If you bought a plane ticket to Jacksonville, save it. We will try again in the spring. March and early April are the best times to go just FYI.
Departure: We had planned to leave for the Okefenokee after work on Thursday the 11th because the park and the alligators demand that you put in before 10:00 am. Lest darkness should fall before you reach your platform. Now, according to MapQuest, it is 5 hours and 27 minutes from Brown's Diner to our new put-in in Missouri and we have no real deadlines. So, since we were all planning to miss work Friday anyway, it seems the thing to do is leave Friday morning and still spend two nights on the river. We'll decide on an exact time later but count on leaving early Friday.
Camping options: The land along the Eleven Point is all public. In addition to Wild & Scenic River status, it is within the boundaries of the Irish Wilderness Area which itself is in the Mark Twain National Forest. Not only does that make the gravel bars fully legal (not that we have ever really cared), but the Missouri D.N.R. has built what they call "Float Camps" at various points along the river. Like this one called "Barn Hollow":
The existence of the Float Camps creates a dilemma for us. Our first choice is and always will be to camp on gravel bars, preferably next to a riffle or rapids. But having not been on this river in, oh, about 25 years, we don't really know where they are. We know exactly where the Float Camps are from the maps and they would give us complete certainty in planning, but they are a little less desirable because they can be grassy places with muddy banks. And there is also the problem of working out the right mileage between them. We know we want to put in at Greer Spring to get the best water level and we do know there is a Float Camp ten miles downstream which would work well because Greer Spring has a developed campsite at the put-in.
So this is our choice: (a) take the cautious approach - with the first night at a drive-in campground and the second night at a DNR Float Camp or (b) roll the dice and spend both nights somewhere downstream on two gravel bars we hope we will find. It is a riddle, wrapped in a mystery, inside a conundrum. The last time we did a trip without knowing where we were going to stop was on the Green River and we were sweating bullets until we found (what turned out to be) the last gravel bar before the take out.
But it was a good one.
Young, one moves in upon the country and thinks himself a tile in its tessellated ecology, and believes that he always would have been such a tile, and hoots with the owl, and scorns even tents.
Older, one knows himself an excrescence upon the landscape and no kinsman to any wild thing; one hears the bass drumbeat and the gabble of the rapids below and the roar of the rain and feels abrupt depression and wonders why he barged out alone into the wetness and the winter. And thinks that perhaps, in the old time, he would have been one of the cautious who stayed in the jammed East.
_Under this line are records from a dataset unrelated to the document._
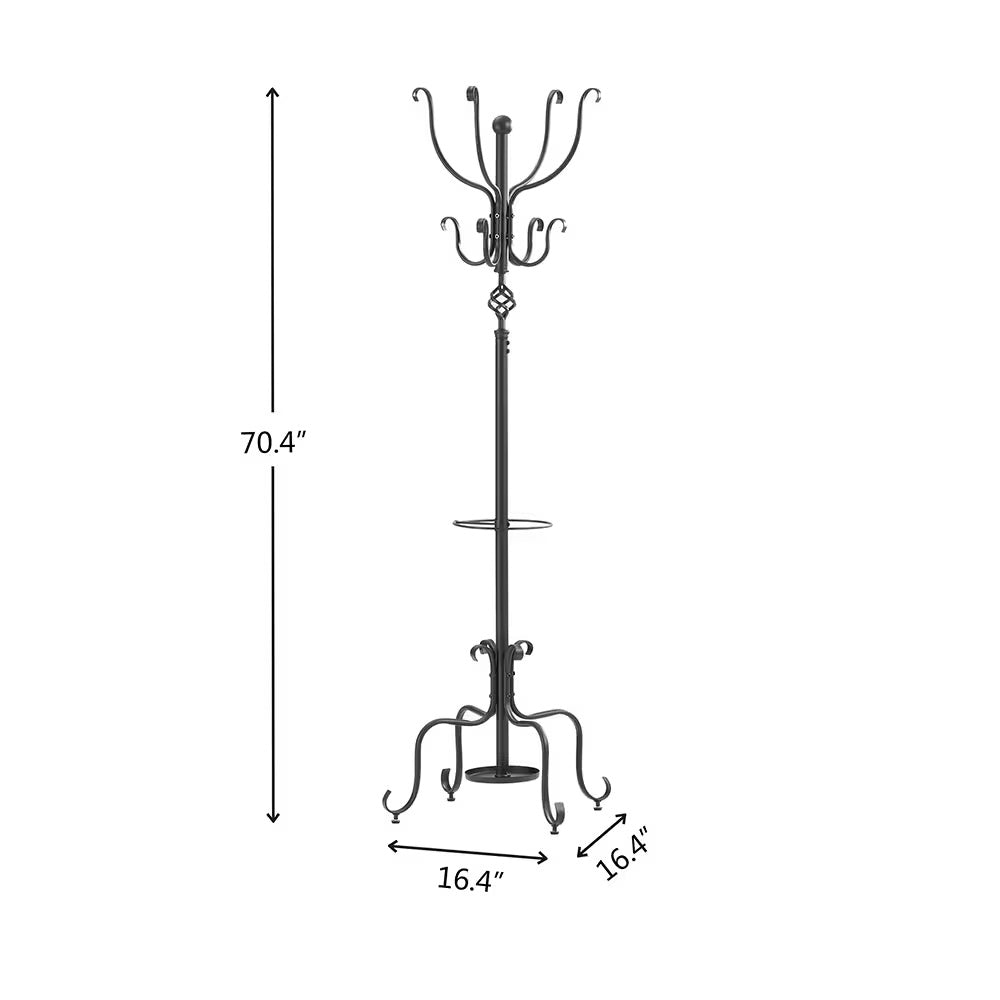 Freestanding Metal Coat & Hat Rack with Umbrella Holder - Stylish Clothes Hanger for Home & Office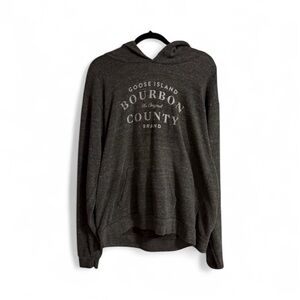 GOOSE ISLAND Bourbon County womens XL dark grey Grunge Hoodie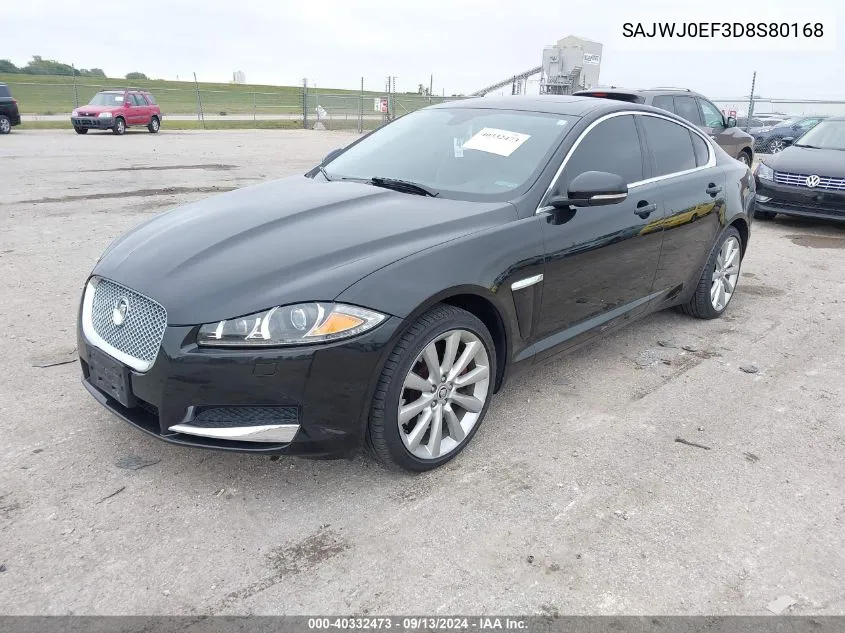 2013 Jaguar Xf VIN: SAJWJ0EF3D8S80168 Lot: 40332473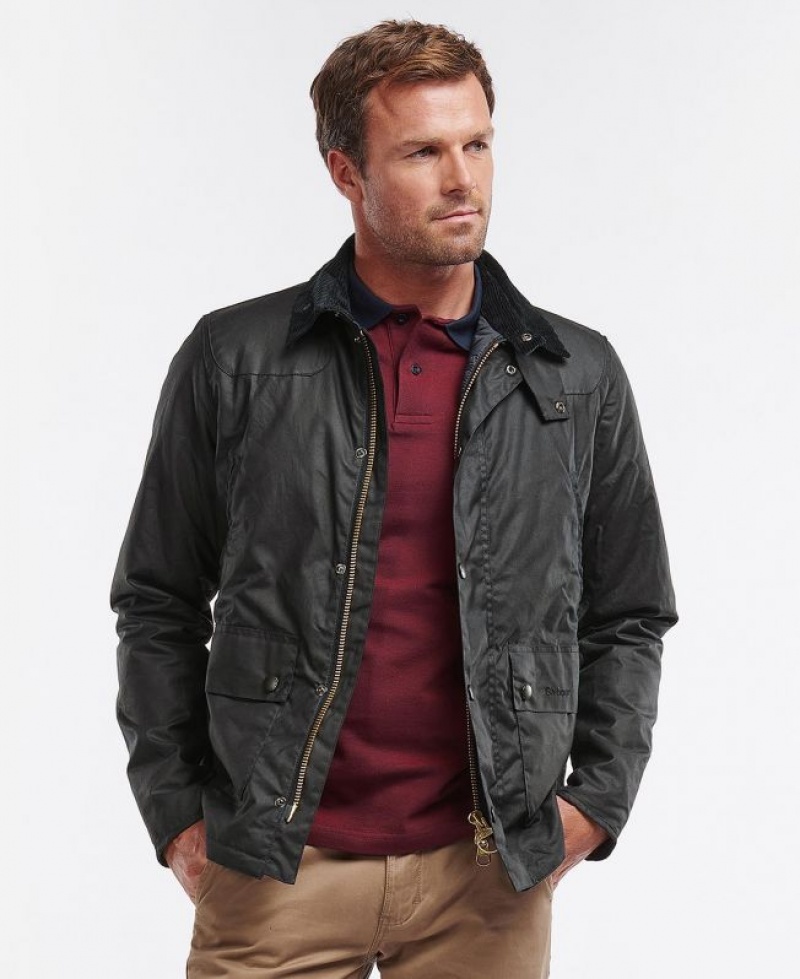 Black Men Barbour Reelin Cotton Waxed Jacket | US-3471LRZEJ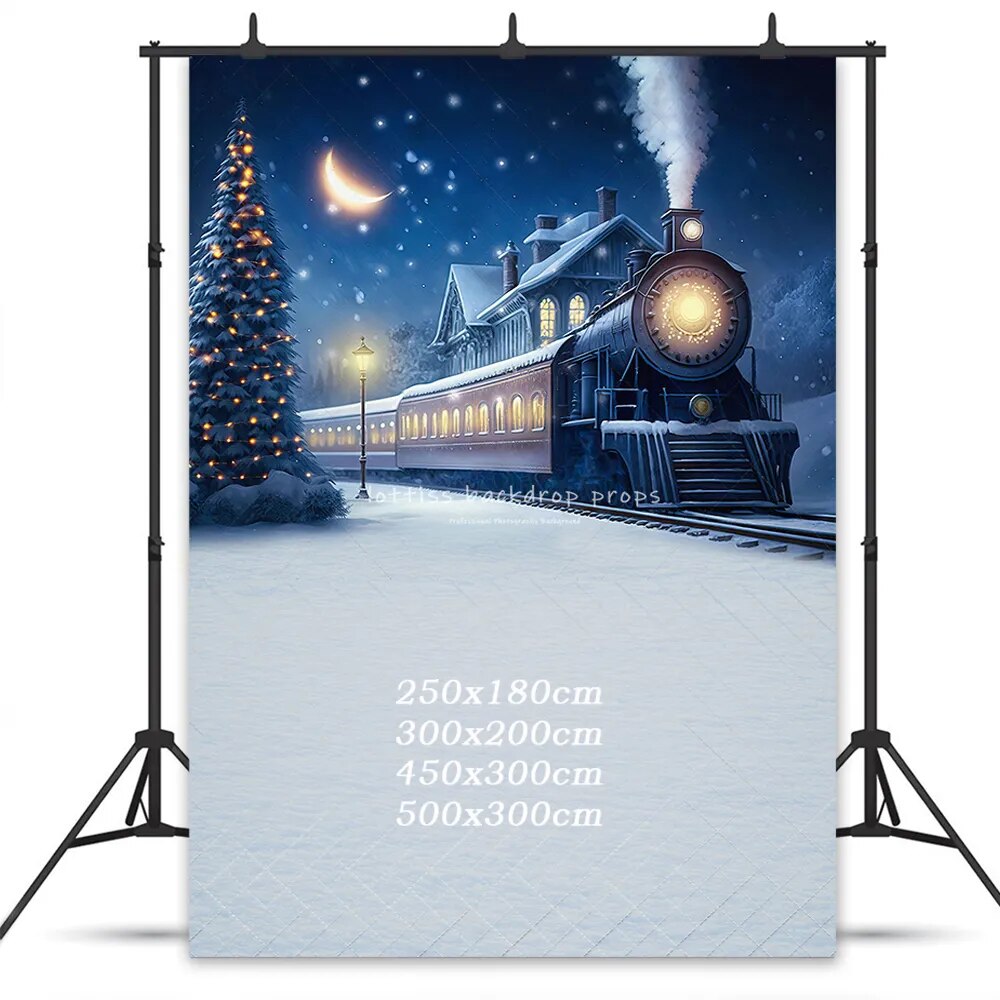 Prendre le Train de minuit arrière-plan enfants photographie noël bébé adulte Photocall enfant enneigé fond de noël 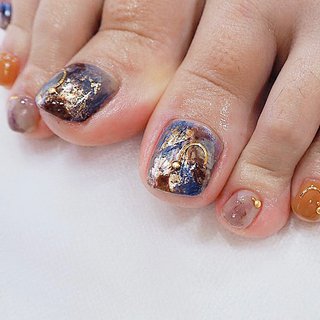 夏 ネイビー ゴールドのネイルデザイン ネイルブック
I lay awake for a long time with a kind of three-o'clock-in-the-morning apprehension on me. The pup shivered against my side. The river boomed and burbled against its rocks. The night was black but starry. The wind kept on in the darkness, unnaturally; later I woke once or twice as it popped the tent flaps. Big wind depresses when it continues without the normal wanings of evening and night and dawn, whether it's called sirocco or khamsin or whatever. I lay feeling soft muscles ache and wondered if they would tauten to the work or whether I'd finally arrived at that point where the body won't snap back into tone with a few days' misuse, and wondered too what weather the wind might portend, and what idiocy had brought me out there to lie on the graveled ground, in November. . . .
Goodbye to a River, p. 67
Sunday, October 31, 2010
Thursday, October 28, 2010
Member Recognitions
The RRCC would like to extend special thanks to Dr. Sands who helped select the the Eleven Point as our alternate river after hours of subcommittee meetings in the parking lot of Municipal Auditorium last week.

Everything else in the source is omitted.